> **ABOUT THIS TASK**: Only the lines from the one containing "VOLCOM Mens Regular" through the one containing "WOMEN ギンガムチェック ショートパンツ レッド" should be printed, exactly as they appear below, with both ends included.

> **MATERIALS PROVIDED**:
____

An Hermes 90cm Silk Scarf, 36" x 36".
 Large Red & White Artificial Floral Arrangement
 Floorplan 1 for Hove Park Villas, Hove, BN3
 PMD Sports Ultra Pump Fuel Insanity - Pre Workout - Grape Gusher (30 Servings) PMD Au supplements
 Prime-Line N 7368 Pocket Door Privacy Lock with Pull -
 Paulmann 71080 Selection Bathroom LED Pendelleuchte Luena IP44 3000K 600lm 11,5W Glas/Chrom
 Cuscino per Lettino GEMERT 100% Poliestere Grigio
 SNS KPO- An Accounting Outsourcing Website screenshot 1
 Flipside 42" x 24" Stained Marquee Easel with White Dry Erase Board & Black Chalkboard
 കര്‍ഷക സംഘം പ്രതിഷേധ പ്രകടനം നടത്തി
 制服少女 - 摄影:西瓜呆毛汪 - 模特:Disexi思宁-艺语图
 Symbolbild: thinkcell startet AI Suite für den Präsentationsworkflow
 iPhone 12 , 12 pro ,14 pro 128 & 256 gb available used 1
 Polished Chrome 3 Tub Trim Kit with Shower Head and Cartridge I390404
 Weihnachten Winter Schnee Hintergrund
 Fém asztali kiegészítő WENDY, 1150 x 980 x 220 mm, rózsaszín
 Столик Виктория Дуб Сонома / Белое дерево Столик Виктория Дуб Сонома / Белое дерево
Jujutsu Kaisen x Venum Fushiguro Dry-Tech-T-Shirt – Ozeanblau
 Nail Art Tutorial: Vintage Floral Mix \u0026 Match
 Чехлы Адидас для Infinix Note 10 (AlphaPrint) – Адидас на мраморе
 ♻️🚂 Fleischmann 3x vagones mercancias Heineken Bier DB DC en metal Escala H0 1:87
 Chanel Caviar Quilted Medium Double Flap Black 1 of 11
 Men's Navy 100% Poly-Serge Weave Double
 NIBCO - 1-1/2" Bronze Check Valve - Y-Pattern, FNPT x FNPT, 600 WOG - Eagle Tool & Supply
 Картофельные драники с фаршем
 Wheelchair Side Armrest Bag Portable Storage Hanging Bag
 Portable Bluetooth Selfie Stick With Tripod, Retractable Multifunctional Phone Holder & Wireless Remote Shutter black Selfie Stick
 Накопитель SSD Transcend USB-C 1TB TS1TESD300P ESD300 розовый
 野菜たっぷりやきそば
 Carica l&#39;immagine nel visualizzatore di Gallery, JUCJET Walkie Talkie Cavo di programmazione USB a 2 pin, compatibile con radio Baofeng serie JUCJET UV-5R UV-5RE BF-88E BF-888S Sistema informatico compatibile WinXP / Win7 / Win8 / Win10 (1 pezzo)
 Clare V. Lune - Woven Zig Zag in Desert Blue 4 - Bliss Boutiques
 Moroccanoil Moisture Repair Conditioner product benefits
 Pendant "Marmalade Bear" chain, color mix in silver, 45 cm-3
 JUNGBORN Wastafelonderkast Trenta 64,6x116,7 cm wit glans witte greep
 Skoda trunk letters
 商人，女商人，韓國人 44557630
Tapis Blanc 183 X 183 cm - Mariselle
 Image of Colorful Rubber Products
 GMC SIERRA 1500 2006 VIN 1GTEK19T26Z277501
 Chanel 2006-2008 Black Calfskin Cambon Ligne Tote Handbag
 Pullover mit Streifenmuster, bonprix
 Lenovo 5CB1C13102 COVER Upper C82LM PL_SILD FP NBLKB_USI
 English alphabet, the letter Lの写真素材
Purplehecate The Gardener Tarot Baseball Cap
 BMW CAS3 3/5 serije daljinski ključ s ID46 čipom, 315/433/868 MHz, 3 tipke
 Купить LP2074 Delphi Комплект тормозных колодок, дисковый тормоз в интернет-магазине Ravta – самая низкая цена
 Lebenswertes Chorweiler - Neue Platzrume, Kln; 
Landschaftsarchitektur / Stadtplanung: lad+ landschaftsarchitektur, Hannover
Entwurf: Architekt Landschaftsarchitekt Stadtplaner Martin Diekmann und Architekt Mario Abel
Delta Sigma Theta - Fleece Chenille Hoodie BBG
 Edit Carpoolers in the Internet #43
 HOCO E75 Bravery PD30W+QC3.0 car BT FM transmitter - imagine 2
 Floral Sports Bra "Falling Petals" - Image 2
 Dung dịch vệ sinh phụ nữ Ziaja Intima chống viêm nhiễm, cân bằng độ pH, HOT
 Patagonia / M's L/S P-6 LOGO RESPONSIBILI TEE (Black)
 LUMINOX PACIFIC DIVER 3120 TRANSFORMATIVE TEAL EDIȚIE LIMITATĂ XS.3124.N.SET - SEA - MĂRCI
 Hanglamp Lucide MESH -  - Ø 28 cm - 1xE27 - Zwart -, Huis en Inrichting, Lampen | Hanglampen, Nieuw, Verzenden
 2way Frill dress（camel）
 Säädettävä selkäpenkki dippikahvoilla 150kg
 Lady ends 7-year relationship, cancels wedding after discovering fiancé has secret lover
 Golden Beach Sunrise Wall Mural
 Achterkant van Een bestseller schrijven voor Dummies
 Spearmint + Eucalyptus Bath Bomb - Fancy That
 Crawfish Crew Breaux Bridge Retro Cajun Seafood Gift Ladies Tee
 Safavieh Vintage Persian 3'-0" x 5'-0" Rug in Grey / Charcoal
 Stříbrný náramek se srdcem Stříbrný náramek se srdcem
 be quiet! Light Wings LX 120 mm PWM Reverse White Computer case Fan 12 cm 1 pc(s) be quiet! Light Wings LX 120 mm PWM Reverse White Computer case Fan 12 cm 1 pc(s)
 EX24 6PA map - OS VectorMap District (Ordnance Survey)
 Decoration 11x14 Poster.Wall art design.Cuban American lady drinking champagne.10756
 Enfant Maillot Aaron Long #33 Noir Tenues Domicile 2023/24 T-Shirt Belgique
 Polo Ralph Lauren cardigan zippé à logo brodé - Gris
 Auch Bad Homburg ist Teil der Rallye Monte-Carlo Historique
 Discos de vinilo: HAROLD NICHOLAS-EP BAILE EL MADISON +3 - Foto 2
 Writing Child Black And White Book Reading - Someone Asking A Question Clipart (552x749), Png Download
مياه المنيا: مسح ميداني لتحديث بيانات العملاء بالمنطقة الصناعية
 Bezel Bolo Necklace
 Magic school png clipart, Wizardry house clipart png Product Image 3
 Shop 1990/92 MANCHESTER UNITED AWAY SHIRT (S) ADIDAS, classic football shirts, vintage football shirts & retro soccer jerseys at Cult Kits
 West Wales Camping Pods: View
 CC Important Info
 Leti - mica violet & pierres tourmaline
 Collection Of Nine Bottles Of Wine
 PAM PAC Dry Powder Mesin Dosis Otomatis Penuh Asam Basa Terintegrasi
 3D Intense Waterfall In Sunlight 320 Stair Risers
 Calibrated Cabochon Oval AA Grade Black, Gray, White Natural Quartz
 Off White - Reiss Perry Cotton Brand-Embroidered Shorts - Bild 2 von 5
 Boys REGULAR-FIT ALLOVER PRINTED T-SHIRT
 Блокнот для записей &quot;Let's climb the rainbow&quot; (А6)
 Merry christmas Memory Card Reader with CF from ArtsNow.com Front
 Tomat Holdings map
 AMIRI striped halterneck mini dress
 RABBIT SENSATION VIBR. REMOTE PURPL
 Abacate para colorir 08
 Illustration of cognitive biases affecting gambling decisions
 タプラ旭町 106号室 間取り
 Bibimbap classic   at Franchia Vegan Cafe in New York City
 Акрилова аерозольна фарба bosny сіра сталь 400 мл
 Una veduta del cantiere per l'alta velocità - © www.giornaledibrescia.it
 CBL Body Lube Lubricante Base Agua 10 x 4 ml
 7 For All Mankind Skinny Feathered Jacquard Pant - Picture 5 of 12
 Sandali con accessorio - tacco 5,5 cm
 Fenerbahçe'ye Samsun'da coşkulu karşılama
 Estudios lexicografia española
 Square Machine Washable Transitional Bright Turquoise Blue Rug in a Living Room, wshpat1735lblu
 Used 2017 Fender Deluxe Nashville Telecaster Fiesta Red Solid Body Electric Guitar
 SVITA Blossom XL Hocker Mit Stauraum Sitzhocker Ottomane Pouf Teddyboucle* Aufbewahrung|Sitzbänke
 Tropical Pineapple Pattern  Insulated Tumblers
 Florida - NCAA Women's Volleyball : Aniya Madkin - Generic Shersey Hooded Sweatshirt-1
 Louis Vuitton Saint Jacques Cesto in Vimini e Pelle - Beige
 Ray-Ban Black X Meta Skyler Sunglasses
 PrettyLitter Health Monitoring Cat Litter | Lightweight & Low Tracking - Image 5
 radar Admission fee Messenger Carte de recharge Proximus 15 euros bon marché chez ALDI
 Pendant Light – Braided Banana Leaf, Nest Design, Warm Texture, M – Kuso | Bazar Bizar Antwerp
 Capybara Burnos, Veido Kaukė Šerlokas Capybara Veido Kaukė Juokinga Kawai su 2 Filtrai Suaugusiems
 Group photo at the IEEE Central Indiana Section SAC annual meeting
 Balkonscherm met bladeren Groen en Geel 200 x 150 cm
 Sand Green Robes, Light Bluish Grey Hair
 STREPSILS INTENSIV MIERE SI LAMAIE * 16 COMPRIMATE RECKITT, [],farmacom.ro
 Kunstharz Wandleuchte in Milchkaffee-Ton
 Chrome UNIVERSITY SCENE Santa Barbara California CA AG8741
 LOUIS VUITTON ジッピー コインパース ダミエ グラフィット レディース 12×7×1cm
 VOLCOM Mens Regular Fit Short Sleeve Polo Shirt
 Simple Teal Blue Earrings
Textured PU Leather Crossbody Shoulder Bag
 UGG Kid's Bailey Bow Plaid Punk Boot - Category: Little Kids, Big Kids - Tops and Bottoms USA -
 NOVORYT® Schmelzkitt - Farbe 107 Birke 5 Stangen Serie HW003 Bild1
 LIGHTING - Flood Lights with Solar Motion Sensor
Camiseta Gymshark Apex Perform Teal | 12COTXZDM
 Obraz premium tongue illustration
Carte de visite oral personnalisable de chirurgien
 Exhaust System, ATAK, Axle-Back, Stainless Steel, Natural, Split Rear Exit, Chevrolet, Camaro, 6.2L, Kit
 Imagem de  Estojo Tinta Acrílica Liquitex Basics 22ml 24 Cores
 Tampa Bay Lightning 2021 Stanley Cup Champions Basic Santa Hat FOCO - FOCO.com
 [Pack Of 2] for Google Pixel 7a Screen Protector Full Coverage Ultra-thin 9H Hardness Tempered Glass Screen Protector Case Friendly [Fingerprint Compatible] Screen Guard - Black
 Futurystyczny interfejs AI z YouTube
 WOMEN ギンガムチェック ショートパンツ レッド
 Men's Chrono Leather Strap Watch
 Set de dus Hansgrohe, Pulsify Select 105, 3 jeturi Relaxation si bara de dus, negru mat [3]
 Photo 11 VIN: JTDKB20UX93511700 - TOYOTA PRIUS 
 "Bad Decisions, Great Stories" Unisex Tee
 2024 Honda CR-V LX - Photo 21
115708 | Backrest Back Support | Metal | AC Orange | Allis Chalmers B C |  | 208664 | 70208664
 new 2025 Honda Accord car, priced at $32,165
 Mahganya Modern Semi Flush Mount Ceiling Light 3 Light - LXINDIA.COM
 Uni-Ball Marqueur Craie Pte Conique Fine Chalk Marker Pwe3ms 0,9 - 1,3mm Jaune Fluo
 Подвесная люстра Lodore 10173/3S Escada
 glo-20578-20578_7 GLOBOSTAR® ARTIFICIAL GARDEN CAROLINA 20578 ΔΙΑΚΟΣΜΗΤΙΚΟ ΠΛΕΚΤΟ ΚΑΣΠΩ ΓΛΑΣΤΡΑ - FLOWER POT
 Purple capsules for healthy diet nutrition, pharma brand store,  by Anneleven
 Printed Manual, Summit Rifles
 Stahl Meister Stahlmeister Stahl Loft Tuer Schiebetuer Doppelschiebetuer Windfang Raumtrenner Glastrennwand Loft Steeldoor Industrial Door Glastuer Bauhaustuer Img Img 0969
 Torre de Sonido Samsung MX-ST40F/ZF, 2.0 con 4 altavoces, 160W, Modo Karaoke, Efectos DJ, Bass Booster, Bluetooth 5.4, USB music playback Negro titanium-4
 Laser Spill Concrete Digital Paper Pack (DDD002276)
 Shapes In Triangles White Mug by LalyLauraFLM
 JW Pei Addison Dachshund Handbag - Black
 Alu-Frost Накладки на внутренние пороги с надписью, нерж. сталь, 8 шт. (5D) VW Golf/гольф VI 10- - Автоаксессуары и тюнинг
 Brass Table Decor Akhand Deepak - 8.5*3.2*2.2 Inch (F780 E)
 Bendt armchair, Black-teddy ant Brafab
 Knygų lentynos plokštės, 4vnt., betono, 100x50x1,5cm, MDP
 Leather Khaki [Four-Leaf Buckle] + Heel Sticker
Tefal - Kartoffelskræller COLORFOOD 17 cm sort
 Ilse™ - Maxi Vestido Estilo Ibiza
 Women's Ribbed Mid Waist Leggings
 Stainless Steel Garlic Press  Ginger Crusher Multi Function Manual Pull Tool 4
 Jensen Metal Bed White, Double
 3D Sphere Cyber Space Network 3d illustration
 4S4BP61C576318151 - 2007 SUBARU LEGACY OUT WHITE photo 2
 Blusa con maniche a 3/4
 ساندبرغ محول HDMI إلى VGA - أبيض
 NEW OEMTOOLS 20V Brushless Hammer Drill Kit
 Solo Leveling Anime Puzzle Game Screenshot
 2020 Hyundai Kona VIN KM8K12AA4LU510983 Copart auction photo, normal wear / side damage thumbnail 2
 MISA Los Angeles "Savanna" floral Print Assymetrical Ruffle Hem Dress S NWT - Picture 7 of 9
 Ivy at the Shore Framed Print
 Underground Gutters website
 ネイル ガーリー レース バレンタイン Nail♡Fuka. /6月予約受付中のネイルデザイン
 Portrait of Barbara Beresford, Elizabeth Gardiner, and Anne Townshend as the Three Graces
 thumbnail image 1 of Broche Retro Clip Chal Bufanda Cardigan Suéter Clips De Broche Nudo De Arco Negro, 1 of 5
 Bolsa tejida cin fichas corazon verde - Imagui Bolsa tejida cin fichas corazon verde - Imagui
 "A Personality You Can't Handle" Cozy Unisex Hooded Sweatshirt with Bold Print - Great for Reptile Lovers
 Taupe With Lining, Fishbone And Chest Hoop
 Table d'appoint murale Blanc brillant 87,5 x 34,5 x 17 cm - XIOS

____

> **RESPONSE TO THE TASK**:
 VOLCOM Mens Regular Fit Short Sleeve Polo Shirt
 Simple Teal Blue Earrings
Textured PU Leather Crossbody Shoulder Bag
 UGG Kid's Bailey Bow Plaid Punk Boot - Category: Little Kids, Big Kids - Tops and Bottoms USA -
 NOVORYT® Schmelzkitt - Farbe 107 Birke 5 Stangen Serie HW003 Bild1
 LIGHTING - Flood Lights with Solar Motion Sensor
Camiseta Gymshark Apex Perform Teal | 12COTXZDM
 Obraz premium tongue illustration
Carte de visite oral personnalisable de chirurgien
 Exhaust System, ATAK, Axle-Back, Stainless Steel, Natural, Split Rear Exit, Chevrolet, Camaro, 6.2L, Kit
 Imagem de  Estojo Tinta Acrílica Liquitex Basics 22ml 24 Cores
 Tampa Bay Lightning 2021 Stanley Cup Champions Basic Santa Hat FOCO - FOCO.com
 [Pack Of 2] for Google Pixel 7a Screen Protector Full Coverage Ultra-thin 9H Hardness Tempered Glass Screen Protector Case Friendly [Fingerprint Compatible] Screen Guard - Black
 Futurystyczny interfejs AI z YouTube
 WOMEN ギンガムチェック ショートパンツ レッド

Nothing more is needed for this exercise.